Funds from the Jewish Agency for Israel helped fill the rooms with chairs and tables and outfitted a computer lab. The donation is part of a shift in agency policy to begin assisting not only Israel’s Jewish population but, to some degree, its Arab citizens as well.

“We will continue to be with you,” JAFI chairman Zeev Bielski said on a recent visit to the neighboring village of Deir el-Asad. “We will bring more Jewish donations … There have been years of neglect of Israeli citizens who are no different from any other citizens.”

Bielski was referring to the discrepancy in government funds and infrastructure provided for Israel’s Arab minority as compared with the Jewish majority.

The shift in JAFI policy began on the first day of Israel’s war this summer with Hezbollah. If Hezbollah’s Katyusha rockets weren’t discriminating between Arab and Jewish victims, Bielski announced, neither would the Jewish Agency make distinctions in dispersing assistance.

During the war, most of the agency’s focus in the community was on bringing Arab, Druse and other non-Jewish children to the safety of camps in the center of Israel. The agency also helped fund a week of activities and field trips for children during the last week of summer vacation, part of an effort to give kids a feeling of normalcy after weeks living in bomb shelters or being shuttered inside their homes.

Since the war ended the agency has been investing in equipping community centers, several of which had lacked basic furniture and supplies. Officials say they also plan to help in longer-term projects such as coexistence gatherings for youth in mixed cities such as Haifa and Acre.

Historically, the Jewish Agency has focused its efforts only on Israel’s Jewish population. It was founded in the 1920s, during the British Mandate, to represent the Jewish population in Palestine and its interests. At the time it focused on Jewish immigration, the purchase of land from local Arabs and setting the policies of the Zionist movement.

Since 1948, the agency has been charged with overseeing immigration to Israel, promoting Jewish and Zionist education worldwide and building ties with Diaspora communities.
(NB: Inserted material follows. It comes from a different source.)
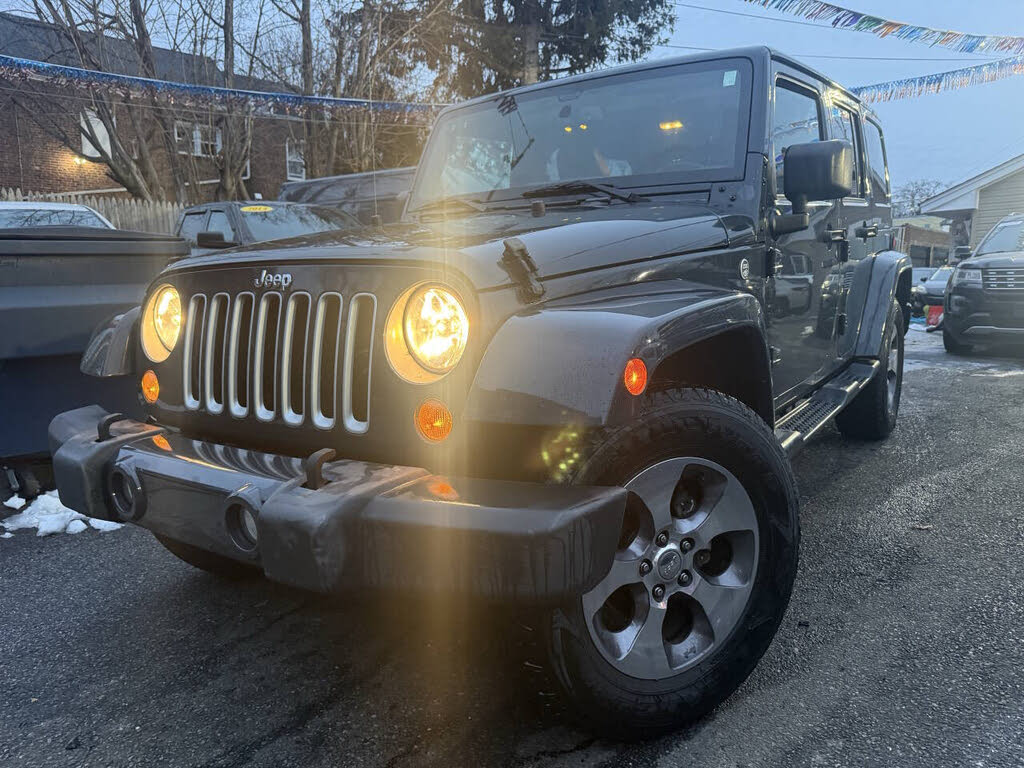 2016 Jeep Wrangler Unlimited Sahara 4WD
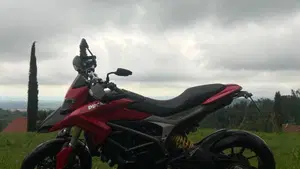 Ducati Hypermotard 821 (2013 - 15)  (7)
The subject of the Jewish Agency and its Zionist ethos is a sensitive topic for Israel’s Arab citizens. Historically the agency was involved in determining where new Jewish towns and villages would be built, and many Arabs claim that such decisions came at their expense.

Most recently, with Israel having uprooted thousands of settlers from the Gaza Strip last year and aiming for a far larger withdrawal from the West Bank, JAFI has been involved in efforts to develop the Galilee and the Negev, both major Arab population centers. Some Arabs fear the planned additional Jewish development in their regions might infringe on their land rights.

Not everyone welcomes the agency’s overtures. At the community center in Majdal Krum, a JAFI plaque was hung inside because of fears that it might be stolen or defaced if left outside.

At a gathering in the center’s auditorium, Mayor Ahmed Dabah thanked JAFI for its support.

“This is what should be happening. All of Israel’s citizens need to feel that we are treated the same way, and then the tensions will disappear,” he said.

Not every one in the Jewish Agency is pleased with the idea that money raised by Diaspora Jews will go to Israel’s non-Jewish communities.

“I think the Jewish Agency — in contrast to the Israeli government, which is obligated to all of its citizens — has a job to focus on the Jewish citizens of Israel,” said Danny Dannon, chairman of World Likud and a member of the agency’s board of governors. “If I were a Jew in Boca Raton, Fla., and gave $100 to my local federation, I would want to know it was helping the Jewish enterprise in Israel.”

In an interview with JTA, Bielski said the agency is determined to reduce the social gaps in Israeli society. Israel’s Arab population, which makes up nearly 20 percent of the country, is among the worst-off socioeconomic groups.

Faris Sarhan, an unemployed 31-year-old cook who has been volunteering for months at the Majdal Krum center, said he welcomed JAFI’s involvement.

“It was really difficult getting by without any equipment,” he said.

Sarhan hopes that one day soon he’ll be paid for the meals he provides to the center and the work he does with youth — but so far there are no salaries for center staff.

“Without donations, we have no funds coming in,” said Kadah Malwa, 21, who also works at the center without a salary.

Sammy Bahar, JAFI’s director for northern Israel, said he sees the agency’s work in minority communities as something that’s just beginning to take form.

“We need to deal with things with a lot of sensitivity. It’s a different type of work here,” he said while standing at the entrance to Deir el-Asad. “We’re entering a long and interesting process that I hope will change things.”